A realidade de primeira ordem refere-se ao mundo ontológico, aquilo que é. Já a realidade de segunda ordem diz respeito ao mundo deontológico, aquilo que deve ser. A ética e o Direito movimentam-se nos meandros da realidade de segunda ordem, ou seja, no mundo do dever ser, que não corresponde necessariamente àquilo que tem que ser. Ocorre que nessa realidade de segunda ordem, nem tudo é igual para todos. Aquele que crê que a sua concepção de realidade é a única classificará as vozes discordantes com valores negativos, como "bobos", "maus" ou "loucos". Portanto, não basta apenas afirmar-se numa convicção. É necessário levar o outro em conta.

Para Leisinger e Schmitt, o filósofo Hans Jonas soube lidar com esse problema de maneira exemplar. O princípio da responsabilidade, de Hans Jonas, versa que é necessária uma nova ética, que leve em conta "a responsabilidade concreta pelo que é dado aqui e agora, e por seus efeitos no futuro". [95] Isso não significa negar o mundo material, muito pelo contrário. "Pelo menos eu interpreto isto no sentido de que, em seu conceito de progresso, o essencial é a perfeição ética dos indivíduos e da sociedade como um todo. Dentro deste conceito, o progresso material também tem lugar; o que ele rejeita é a cegueira material para com todos os valores imateriais do homem e da dignidade humana." [96]

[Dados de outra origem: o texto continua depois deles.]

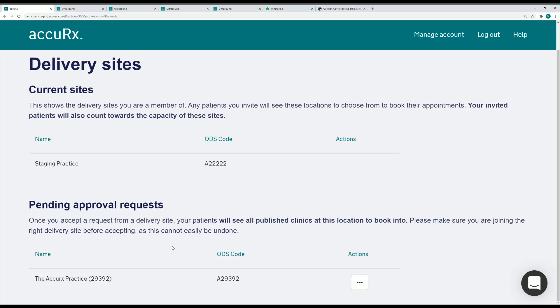I'm just going to double check that this is the right ODS code that I'm expecting an invitation from, because my patients will be able to see all the published clinics at this location to book into, and that includes the patients who've already received an invite from my organization.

Obviamente, a atividade empresarial visa o lucro, porém, como ressalta Hans Jonas, não se pode permitir o lucro a qualquer custo. Há limites para a obtenção desse lucro, que pode ser conquistado, desde que respeite os valores da dignidade humana. Em outras palavras. A corrida pelo lucro e pelo sucesso empresarial é lícita desde que não ofenda Constituição, a Legislação e, principalmente, os Direitos Fundamentais do ser humano.

O julgamento ético deve levar tudo isso em consideração – as questões de fato (da realidade de primeira ordem – ou mundo ontológico) e as questões éticas e jurídicas (da realidade de segunda ordem – ou mundo deontológico) – e mais: os sentimentos de empatia. Por empatia, entendemos, em termos simples, o colocar-se no lugar do outro. [97] Aliás, as tomadas de decisões devem ser levadas em conta todas as opiniões, mesmo as contrárias: "Nos complexos processos de decisão sempre devem ser incluídas vozes dissidentes (dissident voices) – tudo precisa ser colocado sobre a mesa, não somente os fatos mas também todas as opiniões possíveis, por menos simpáticas que possam parecer. A contradição de quem pensa de maneira diferente, mesmo quando pareça inconveniente e contrária à tendência geral das opiniões, tem que ser racionalmente refutada ou superada nas discussões de grupo, e não ser sem discussão ou por razões ideológicas varridas para debaixo do tapete." [98]

Essa preocupação se estende também ao meio ambiente e às conseqüências que determinada atividade o influencia, assim com os demais agentes em redor:

"Como regra prática vale que, com a gravidade e a intensidade dos efeitos para a sociedade e para o mundo ambiente, aumenta a necessidade de legitimação do agir empresarial. Exigências feitas contra a vontade dos atingidos necessitam, em todos os casos, de uma legitimação especial, do contrário elas representam uma deficiência moral da ação da empresa. Pois a liberdade das pessoas consiste também em que são elas, e não outras, que devem decidir sobre o valor e a importância de seus desejos e interesses." (LEISINGER & SCHMITT, 2001, p. 116, grifo nosso)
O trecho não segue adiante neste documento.